Secondly, the idea that the Quran is eternal and uncreated. If that isn’t associating something with God, I don’t know what is. The equivalent of the eternal and uncreated word of God in Christianity is Jesus, who is openly deified. Enough said.

I suppose it arises from this problem: how can we understand God’s interaction with humanity while preserving both God’s transcendent perfection and humanity’s transience and dependence? How does God enter time and space and impart messages to us? Is it possible that the glory of God’s words could be transmitted by imperfect vessels?

A view I find intuitive and interesting, which has been controversially proposed by an Iranian scholar according to an article I read (which I can’t seem to access now), is that the word of God is a combination of prophets’ cognitive processes and divine inspiration. The fact that the Quran is in Arabic is not because God selected Arabic words at the dawn of time to later send earthwards, but because Muhammad understood God’s message through the medium of Arabic. This would not mean they were his words, but that the words resulted from a confluence of God’s and his minds.

This way, it’s clearly about God communicating to us, and there is not a temptation to regard a sequence of Arabic words as divine in themselves.

There are two aspects to idolatry: belief and worship. Idolatrous belief is ascribing divinity to anything besides God, which seems to be the meaning of shirk in the Quran. Idolatrous worship is a woollier concept. What is worship anyway? Is it praise, adoration, obedience…? These are all things we could easily do to other people – does that mean we are worshipping those people? I certainly used to think that too much admiration for someone was bordering on worship, but I could never neatly draw a line to define where it became idolatry.

Maybe it is simply a matter of ascribing divine qualities; I am unlikely to think a person is omnipotent, but I could start to think – at least unconsciously – that they could never be wrong. I might then blindly imitate them and unwaveringly follow them. I suppose in that way worship follows on from belief.

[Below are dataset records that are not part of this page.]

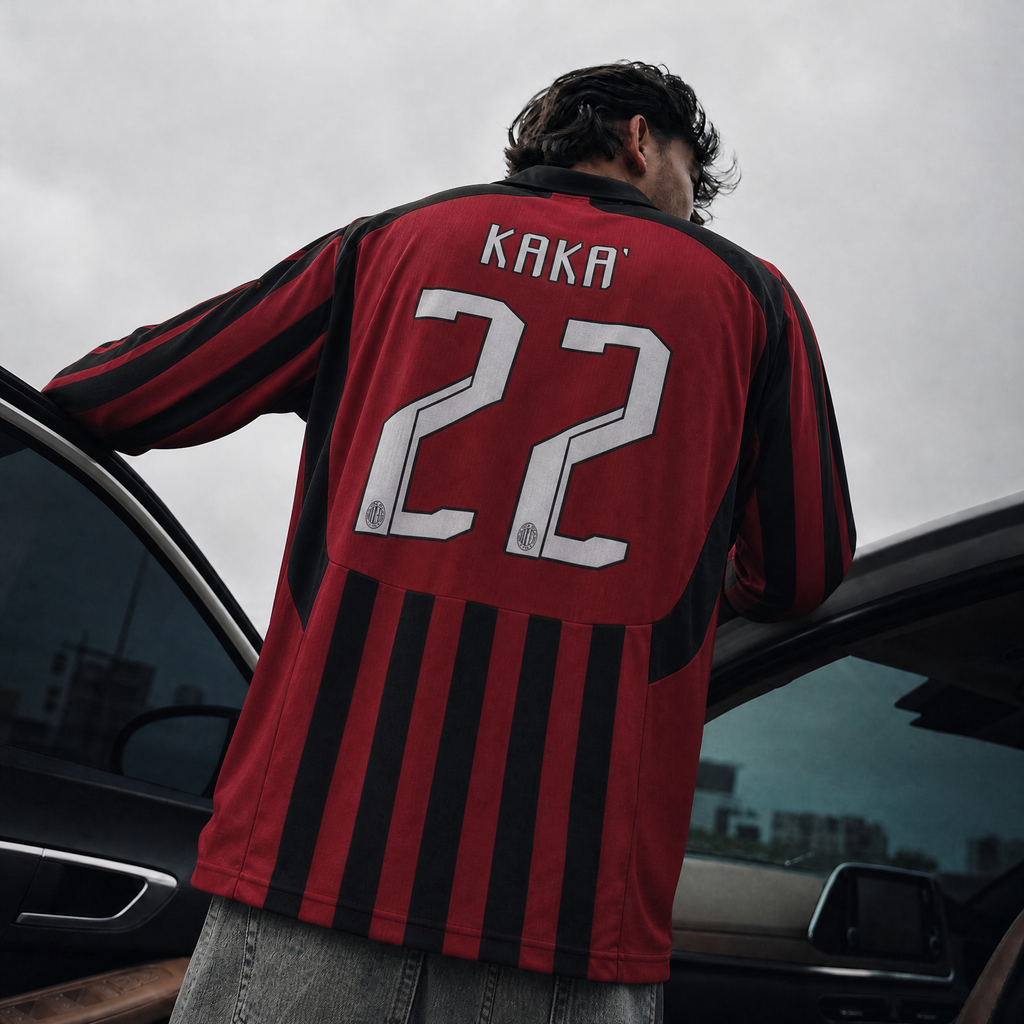 Kaká AC Milan Home Long Jersey 2007/08 — image 3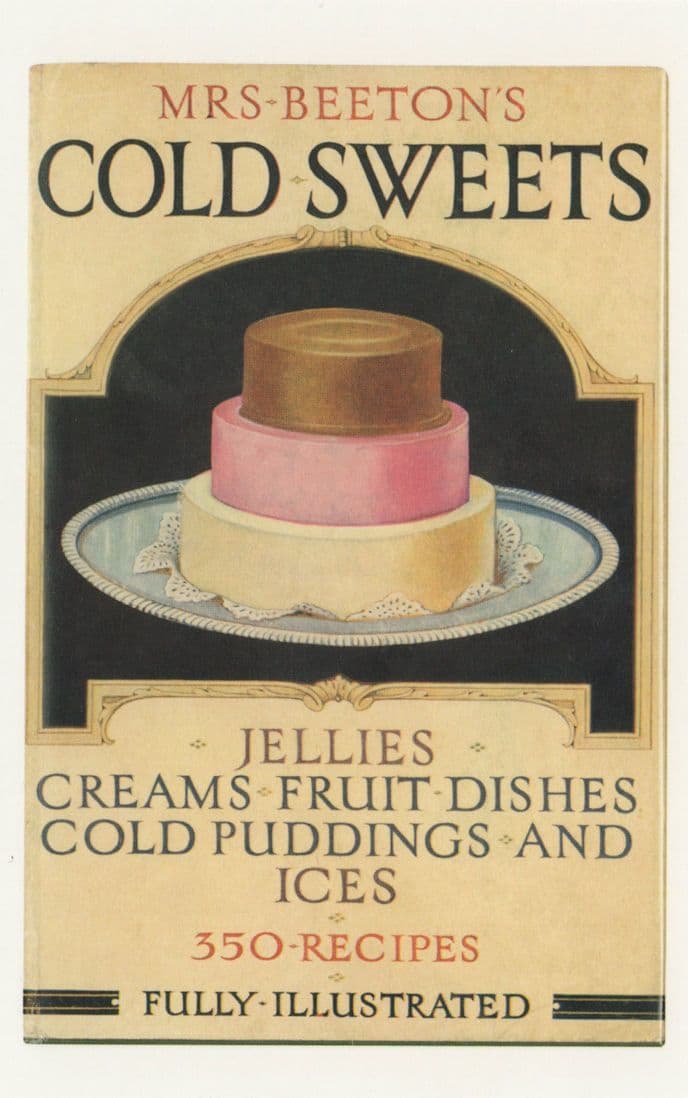 Mrs Beetons Cold Sweets 350 Recipes Cookery Book Postcard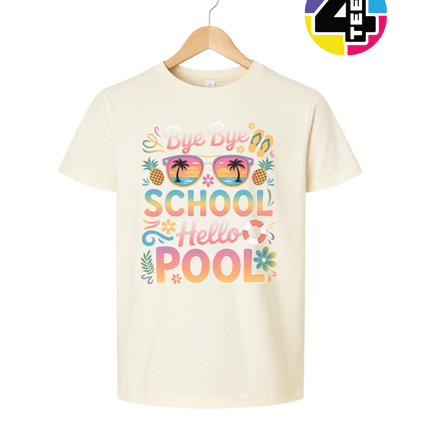 Bye Bye School, Hello Pool Youth Tee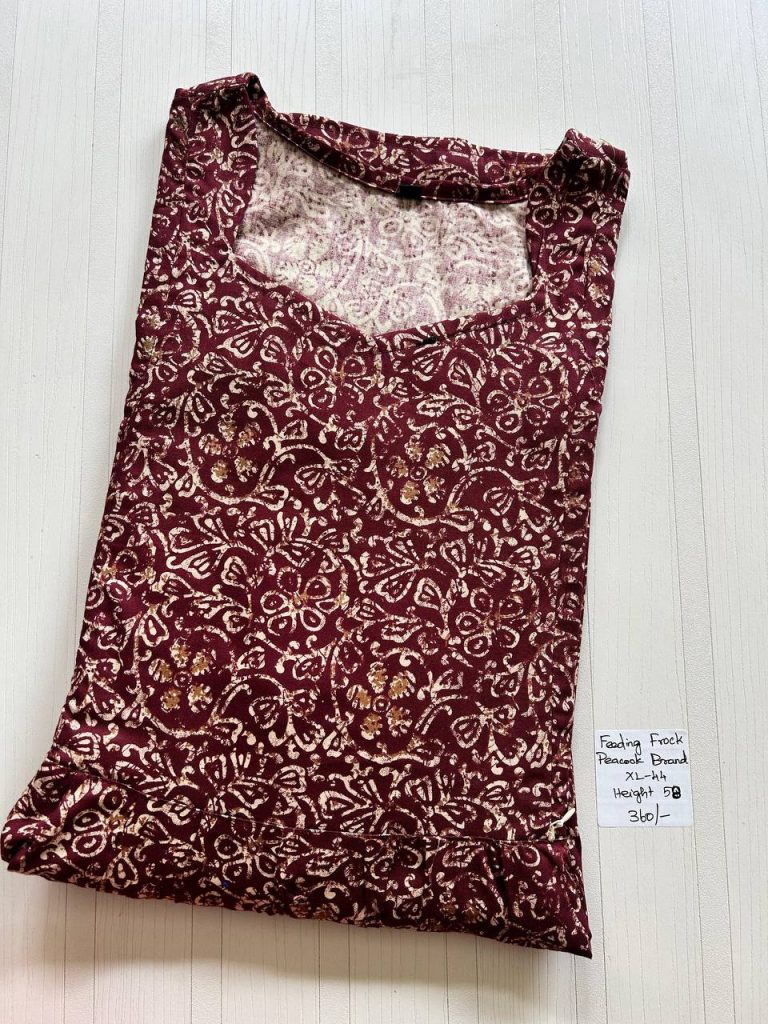 AA1111 Height Peacock Feeding Frockk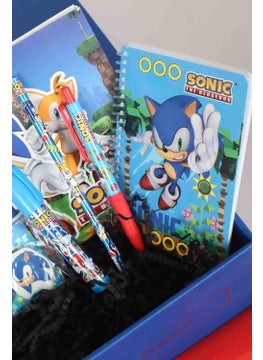 Disney SPECIALLY BOXED LICENSED SONIC STATIONERY SET  - Image 2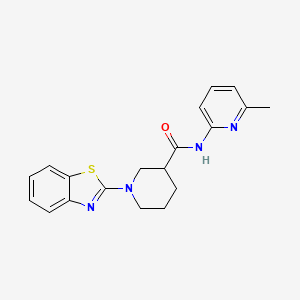 molecular formula C19H20N4OS B7551625 1-(1,3-benzothiazol-2-yl)-N-(6-methylpyridin-2-yl)piperidine-3-carboxamide 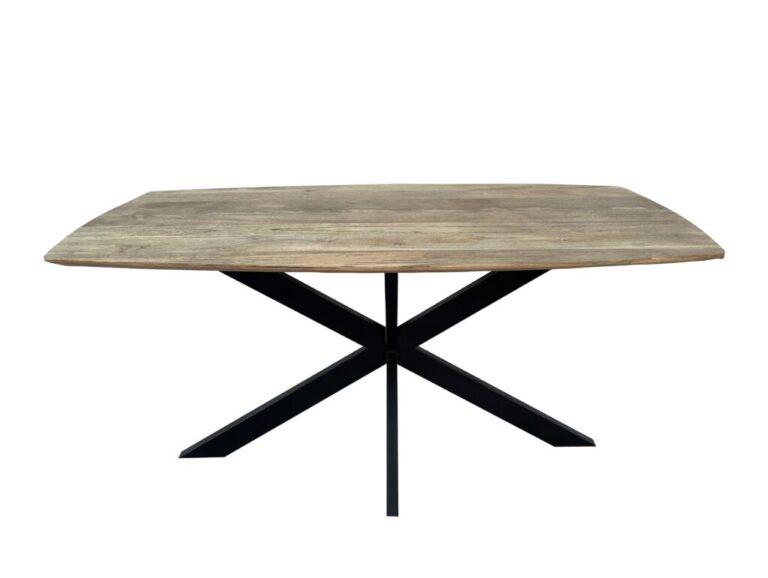 Tonvormige vergadertafel naturel glad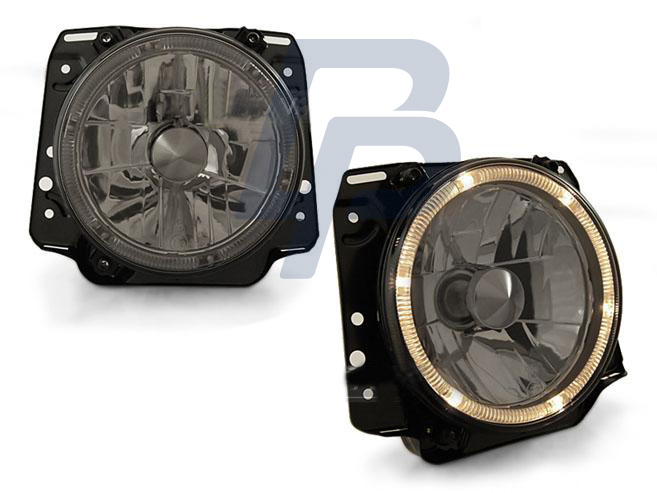 HEADLIGHTS VW GOLF II 2 08.83-08.91 ANGEL EYES SMOKE ZEWN?TRZNE - 2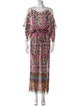 Calypso St. Barth Silk Long Dress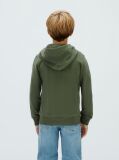 Green Terry Zip Up Hoodie  Boys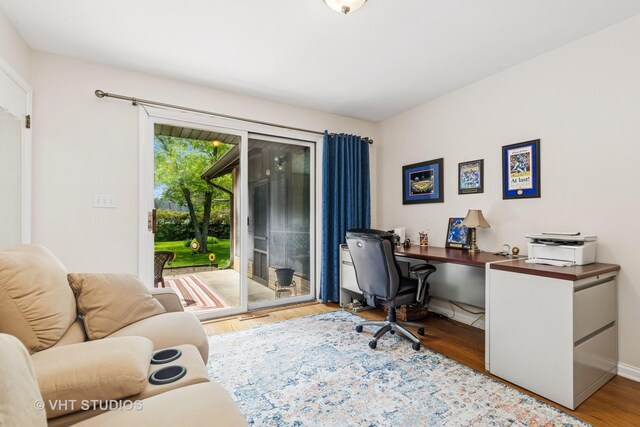 354 Richmond Ln, Lakewood, IL 60014 - office featuring wood finished floors and baseboards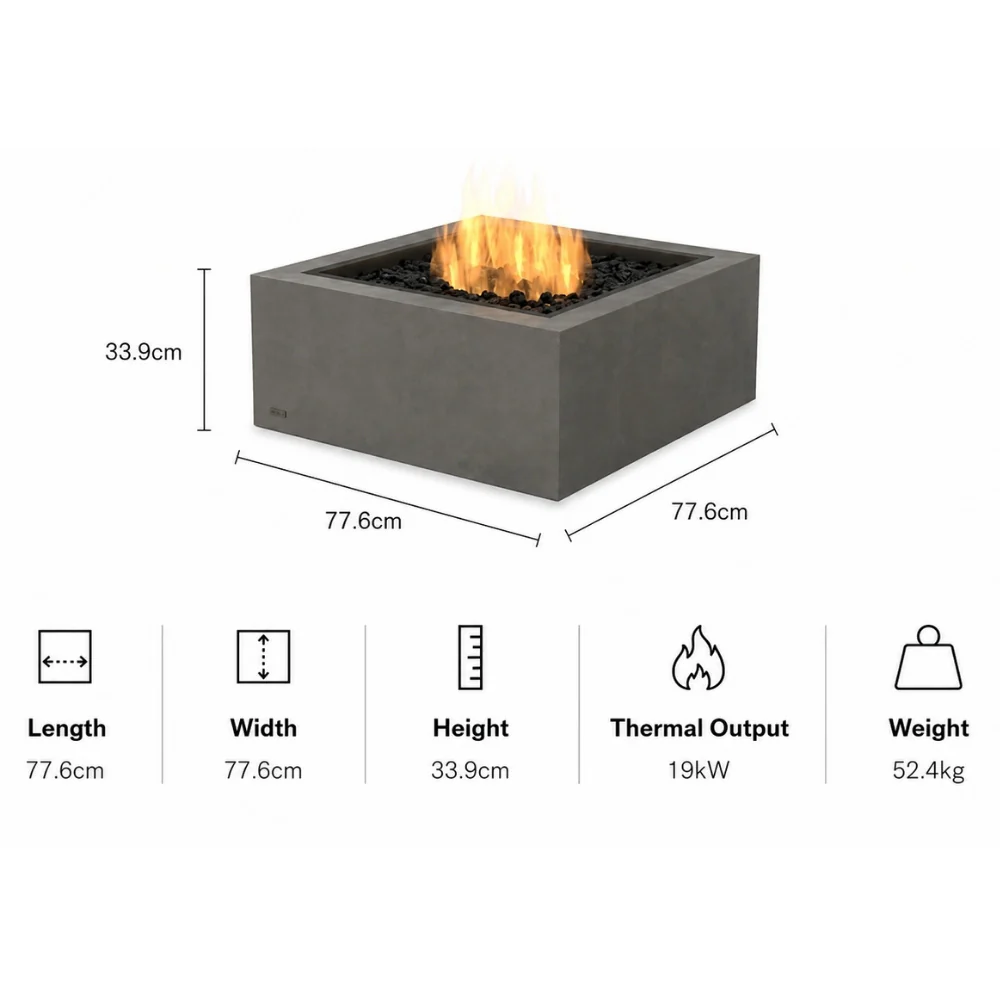 EcoSmart Fire Base 30 Gas Fire Table - Image 10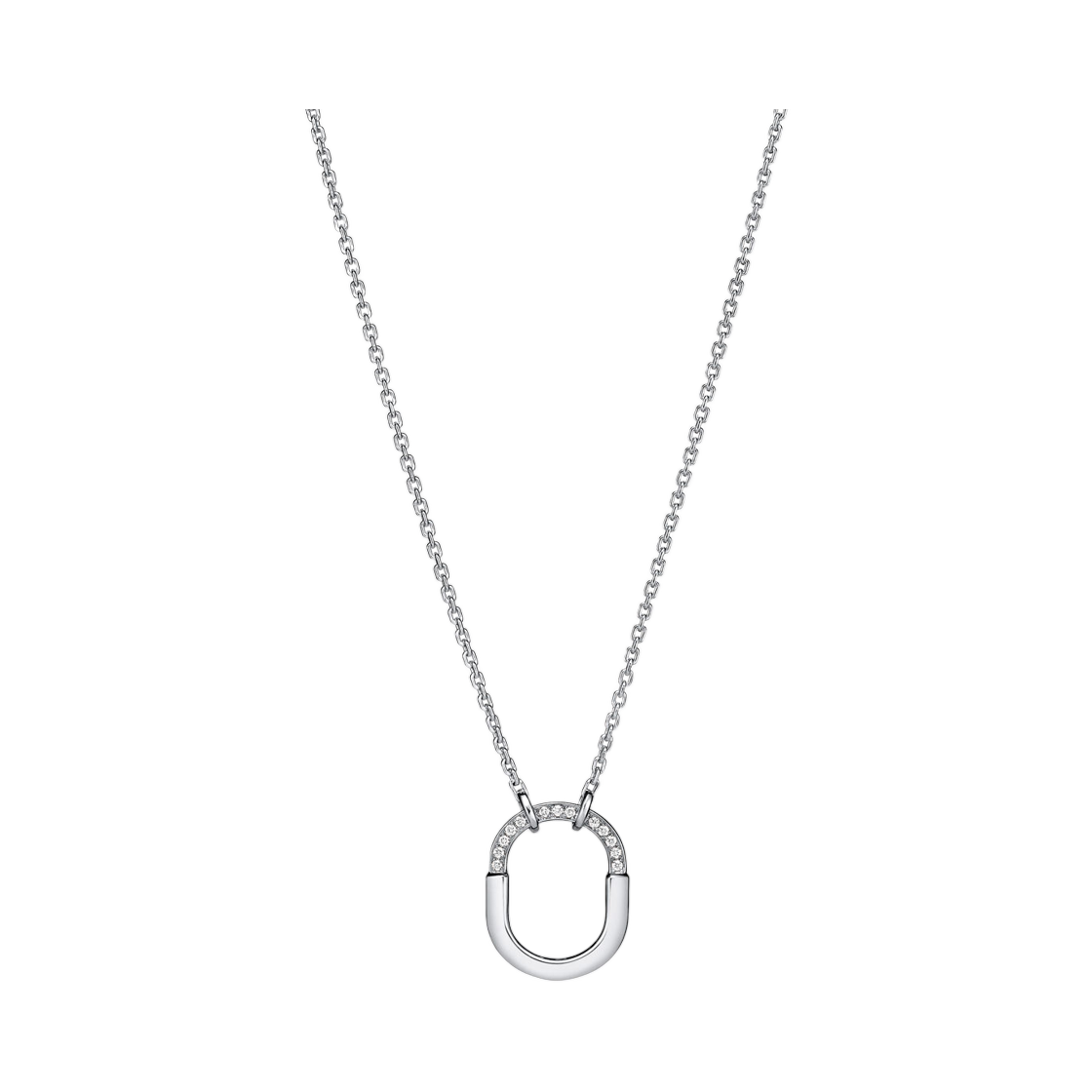 74365795 Tiffany & Co. Tiffany Lock Small Pendant 18K White Gold with Diamonds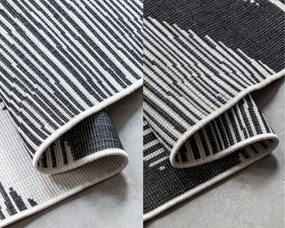 Obojstranný koberec Elle Decoration GEMINI Rhombus čierny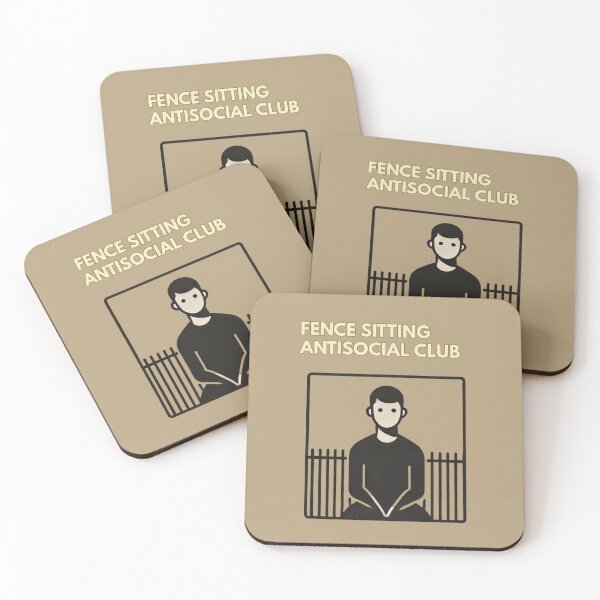 Item preview, Fence Sitting Antisocial Club designed and sold by TrendsLook.
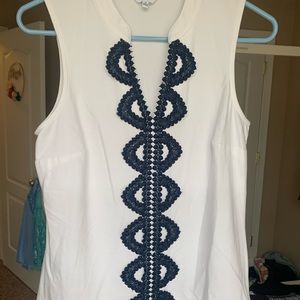 Crow and ivy whit tank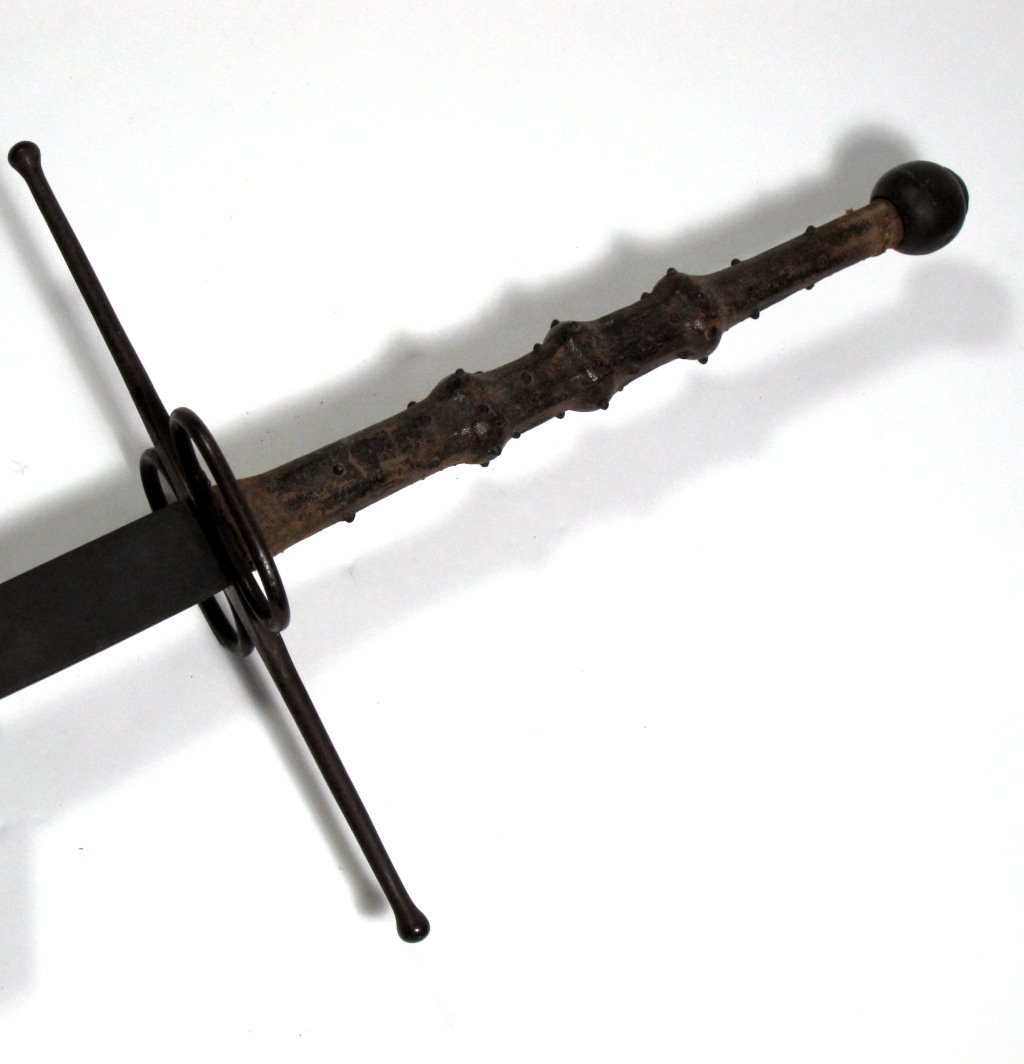 A GERMAN DOUBLE-HANDED BEARING SWORD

It seems that the tendency to ascribe divinity or divine qualities to people or things besides God is something that we humans are prone to. In the Quran this tendency is denounced time after time after time. There is something very intellectually satisfying about the idea of one God, one creative life force, one ultimate reality, one Sustainer of all that is. One focal point, one goal, one object of worship, submission to Whom constitutes our natural state, our primordial way of being. From Whom we come, and unto Whom we return. A lot of people are drawn to Islam for this, only to find that in practice there are various other things they are supposed to revere.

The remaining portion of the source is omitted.